Note that actual MPI behaviors will depend on actual hardware configurations and driver versions.

Open MPI v5.0.x enables the use of an MCA parameter osc_ucx_acc_single_intrinsic, which accelerates network atomic operations being heavily used in Itoyori. A recommended way to run Itoyori with Open MPI is:

mpirun --mca osc ucx --mca osc_ucx_acc_single_intrinsic true ...

However, local executions with Open MPI (without high-performance network cards) may degrade to an implementation that is not truly one-sided. In addition, there seems no option to launch asynchronous progress threads in Open MPI. Therefore, for the debugging purpose on local machines, we recommend to use MPICH-based MPI implementations with MPICH_ASYNC_PROGRESS=1.

Publications

Overview of the Itoyori runtime system and its PGAS implementation:

Shumpei Shiina and Kenjiro Taura.

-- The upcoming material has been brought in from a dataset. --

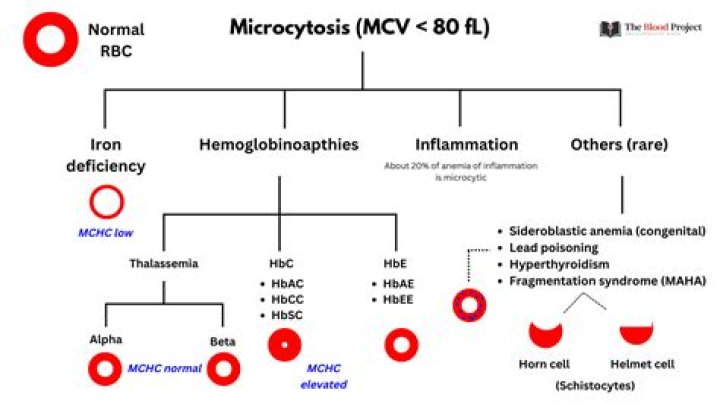 Which anemias are microcytic?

Itoyori: Reconciling Global Address Space and Global Fork-Join Task Parallelism. in SC '23

About the threading layer (formarly called uni-address threads):

About the task scheduler Almost Deterministic Work Stealing (ADWS):

About the Name of Itoyori

Itoyori is named after the fish *thread*fin breams ("糸撚魚" in Japanese).